IT IS GOING TO BE EXTREMELY DIFFICULT TO CONVERT OTHERS
Mateusz Wyrwich talks with Fr. Jacek Dudka – a Dominican, the general vicar of the General Vicariate in Russia and Ukraine, the superior of the Dominicans in these countries
MATEUSZ WYRWICH: – After nearly half a century of their absence, the Dominicans returned to Russia. How did it happen?
FR. JACEK DUDKA OP: – In Russia about 10 million Catholics were before the revolution. When after the revolution the parish of St. Catherine Alexandrian in Petersburg was being closed down, there were over 30 thousand believers. This great work was built by the Franciscans and Jesuits. The Dominicans were serving in this church till the year 1892. Later the parish was given to diocesan priests. But also at that time the French Dominicans worked there – till the year 1938, when the Soviets closed down this church. Fr. Konstanty Budkiewicz, serving as the parish priest from 1905, after the Bolshevik revolution organized an underground seminary. He also conducted a broad charity and pedagogical activity. He was accused of espionage by the Bolsheviks and - despite the protest of Vatican and also the international public opinion – he was killed with a gunshot into the back of his head on 31 March 1923 in a prison in Moscow on Lubianka. In this way Fr. Konstanty joined murdered 200 thousand priests during and after the revolution – priests, monks and nuns (including over 4 thousand Polish priests). When the church was closed down, a branch of an atheism museum was established in it and a concert hall was planned to be open. In 1984 the church was set on fire. Ruined, after many prayers of rosary and requests, it was given to parishioners in 1992. In the beginning Fr. Eugeniusz Geynrikhs and Fr. Ludwik Wisniewski worked there . Later other Dominicans arrived.

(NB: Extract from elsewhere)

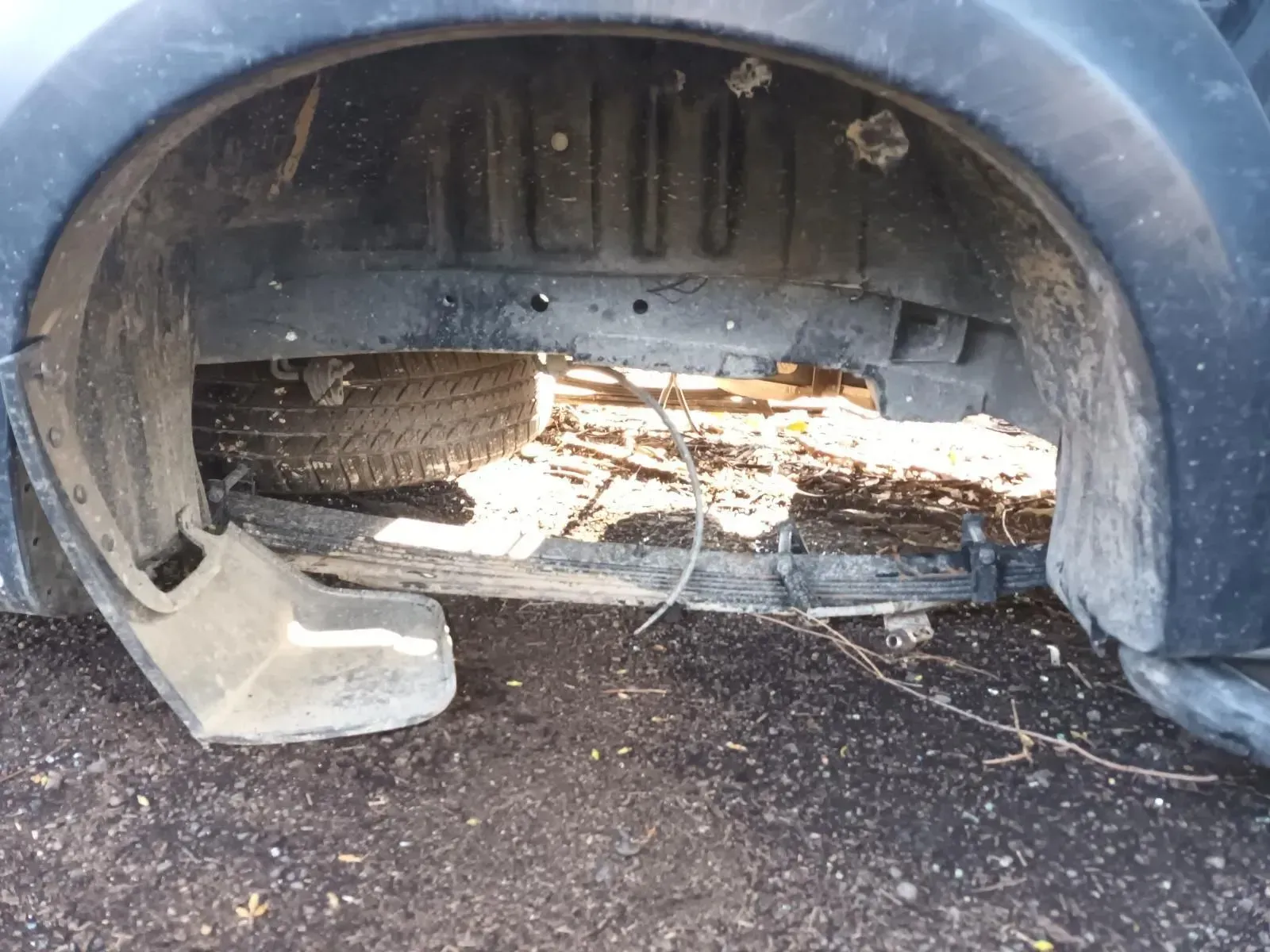 Underneath a Dark Vehicle Wheel Well Showing a Spare Tyre — South West 4WD Wreckers In Brisbane, QLD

I appeared there in 2010, on the day after beatification of Fr. Jerzy Popieluszko. I received a strong advocate.
– What does it mean to be a Catholic in Russia?
– It is not easy to be a Catholic in Russia. There are the Orthodox everywhere – so a Catholic is in the minority. It must be acknowledged and one must look for a kind of cooperation. The best form of a testimony is being a real Christian, without any prejudices to other people. One must pray for everyone. We had also thought till the Second Vatican Council that it were them who had to convert. Whereas we have to convert to God together.
– What is it like to be a priest in Russia?
– On a picture from the first Holy Mass I have words written from the Letter to the Romans: ‘Do not owe anything to anybody apart from mutual love’. So, we must learn to love people as they are and bring them closer to God. In the recent years understanding of ecumenism has slightly changed. We have the common awareness, but so little divides us and so much unites us: sacraments, cults of the saints and angels. There are some things which must be agreed in groups of theologians. But today it is less important how somebody makes the sign of the cross.
– What is the catholic Polish Diaspora like in Petersburg?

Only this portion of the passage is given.